MERLIN:

Parameter-Free Discovery of Arbitrary Length Anomalies in Massive Time Series Archives

Abstract

Time series anomaly detection remains a perennially important research topic. If anything, it is a task that has become increasingly important in the burgeoning age of IoT. While there are hundreds of anomaly detection methods in the literature, one definition, time series discords, has emerged as a competitive and popular choice for practitioners. Time series discords are subsequences of a time series that are maximally far away from their nearest neighbors. Perhaps the most attractive feature of discords is their simplicity, unlike many parameter laden methods, discords require only a single parameter to be set by the user, the subsequence length. In this work we argue that the utility of discords is reduced by sensitivity to this single user choice.
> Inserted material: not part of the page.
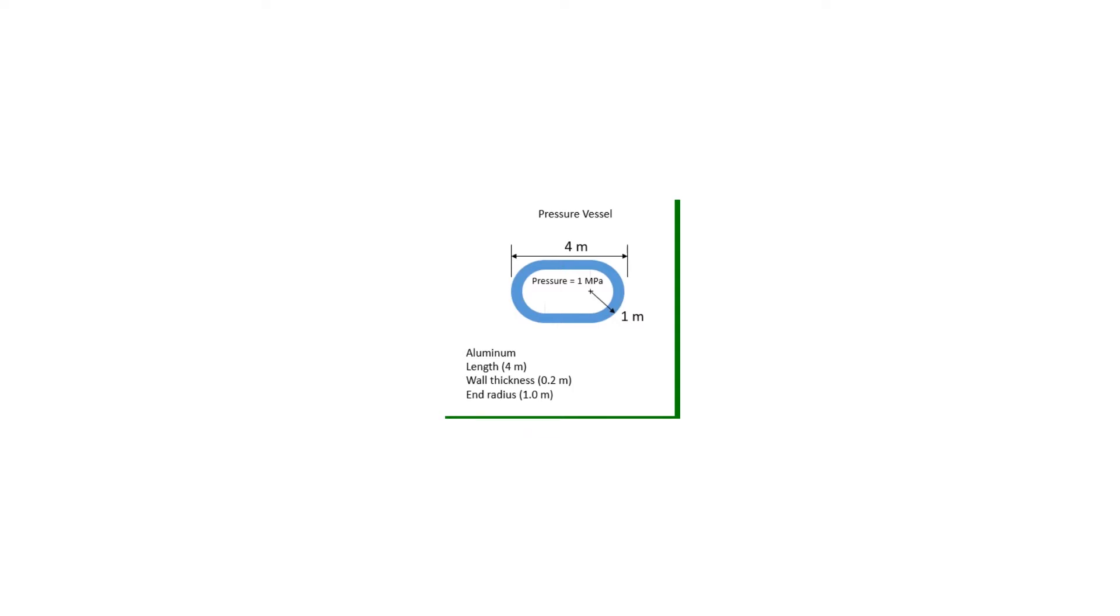Welcome to another tutorial in ANSYS Workbench. In this tutorial, we are going to compute the hoop, radial, and longitudinal stresses that develop in a cylindrical pressure vessel with rounded end caps.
The obvious solution to this problem, computing discords of all lengths, then selecting the best anomalies (under some measure) seems to be computationally untenable. However, in this work we introduce MERLIN, an algorithm that can efficiently and exactly find discords of all lengths in massive time series archives. We demonstrate the utility of our ideas on a large and diverse set of experiments and show that MERLIN can discover subtle anomalies that defy existing algorithms or even careful human inspection. Moreover, we show how to exploit computational redundancies to make MERLIN two orders of magnitude faster than comparable algorithms.